Launchpad itself

Including binaries when copying pkgs with lots of binaries oopses

Bug #447138 reported by Michael Nelson on 2009-10-09

This bug affects 1 person

Affects		Status	Importance	Assigned to	Milestone
	Launchpad itself	Fix Released	Medium	Michael Nelson	Launchpad itself 3.1.10

Bug Description

OOPS-1378C1323

Nicolas experienced the above oops while trying to copy openoffice.org with binaries included - and mentioned that someone in the security team also experienced this recently?

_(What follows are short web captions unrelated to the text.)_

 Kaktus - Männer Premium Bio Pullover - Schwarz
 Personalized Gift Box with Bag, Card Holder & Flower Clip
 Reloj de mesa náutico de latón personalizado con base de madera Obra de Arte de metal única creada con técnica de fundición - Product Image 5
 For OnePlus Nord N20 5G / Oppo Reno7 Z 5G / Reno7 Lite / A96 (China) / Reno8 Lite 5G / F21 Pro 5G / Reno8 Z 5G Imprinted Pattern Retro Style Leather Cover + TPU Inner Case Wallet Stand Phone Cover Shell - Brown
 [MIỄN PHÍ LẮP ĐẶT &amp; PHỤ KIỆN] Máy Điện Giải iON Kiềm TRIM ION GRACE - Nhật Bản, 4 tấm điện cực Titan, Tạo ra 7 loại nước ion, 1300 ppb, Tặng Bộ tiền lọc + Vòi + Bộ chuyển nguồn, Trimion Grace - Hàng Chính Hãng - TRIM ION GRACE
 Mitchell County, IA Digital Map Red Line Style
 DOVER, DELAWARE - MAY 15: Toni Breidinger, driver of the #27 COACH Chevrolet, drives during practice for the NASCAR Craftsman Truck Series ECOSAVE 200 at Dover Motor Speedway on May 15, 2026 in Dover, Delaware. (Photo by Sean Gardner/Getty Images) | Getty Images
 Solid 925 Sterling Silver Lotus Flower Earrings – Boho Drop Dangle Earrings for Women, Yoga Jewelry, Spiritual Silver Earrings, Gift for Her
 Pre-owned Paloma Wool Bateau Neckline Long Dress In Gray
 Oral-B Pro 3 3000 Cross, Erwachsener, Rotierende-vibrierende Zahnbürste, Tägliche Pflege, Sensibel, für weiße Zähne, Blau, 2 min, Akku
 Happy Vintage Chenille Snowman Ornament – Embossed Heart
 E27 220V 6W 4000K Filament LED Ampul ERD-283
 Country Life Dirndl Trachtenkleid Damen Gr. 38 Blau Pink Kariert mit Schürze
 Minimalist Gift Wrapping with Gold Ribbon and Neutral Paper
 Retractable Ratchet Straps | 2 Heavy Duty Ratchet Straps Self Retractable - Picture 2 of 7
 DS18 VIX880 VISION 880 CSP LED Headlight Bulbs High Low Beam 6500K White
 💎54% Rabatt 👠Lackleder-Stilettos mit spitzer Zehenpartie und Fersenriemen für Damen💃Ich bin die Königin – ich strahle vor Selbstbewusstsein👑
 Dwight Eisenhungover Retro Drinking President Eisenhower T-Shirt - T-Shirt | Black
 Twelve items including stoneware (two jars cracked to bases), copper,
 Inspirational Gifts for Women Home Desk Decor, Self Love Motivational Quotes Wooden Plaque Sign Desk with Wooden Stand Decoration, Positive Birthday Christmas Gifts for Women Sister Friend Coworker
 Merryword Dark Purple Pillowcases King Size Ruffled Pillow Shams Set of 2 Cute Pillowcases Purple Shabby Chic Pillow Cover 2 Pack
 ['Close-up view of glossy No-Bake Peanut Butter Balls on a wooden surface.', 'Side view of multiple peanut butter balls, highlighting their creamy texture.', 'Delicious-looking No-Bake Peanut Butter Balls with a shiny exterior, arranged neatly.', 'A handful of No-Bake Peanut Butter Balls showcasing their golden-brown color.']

It seems that we create and (re)fetch each BinaryPackagePublishingHistory record individually - I'm hoping we can instead batch this to reduce both the number of queries being executed (~150reps of many single queries in the above oops) as well as the time spent instantiating and populating the storm object representations.

Tags:

Related branches

lp:~michael.nelson/launchpad/copy-binaries-timeout

Merged into lp:launchpad

Muharem Hrnjadovic (community): Approve on 2009-10-29

Julian Edwards (julian-edwards) on 2009-10-09

Changed in soyuz:
status:	New → Triaged
importance:	Undecided → Medium
tags:	added: oops
tags:	added: tech-debt

Cody A.W. Somerville (cody-somerville) on 2009-10-09

tags:

added: oem-services

Michael Nelson (michael.nelson) on 2009-10-14

Changed in soyuz:
assignee:	nobody → Michael Nelson (michael.nelson)
status:	Triaged → In Progress
milestone:	none → 3.1.10

Revision history for this message

Michael Nelson (michael.nelson) wrote on 2009-10-14:

In terms of a pre-implementation discussion, here's what I'm planning:

1. Look at adding a PublishingSet.copyBinariesTo(binaries, series, pocket, archive) that ensures certain queries are not evaluated for each binary. For example, the biggest timesaver according to the oops is from the PPA component override to main - we look up the 'main' component before creating each binary.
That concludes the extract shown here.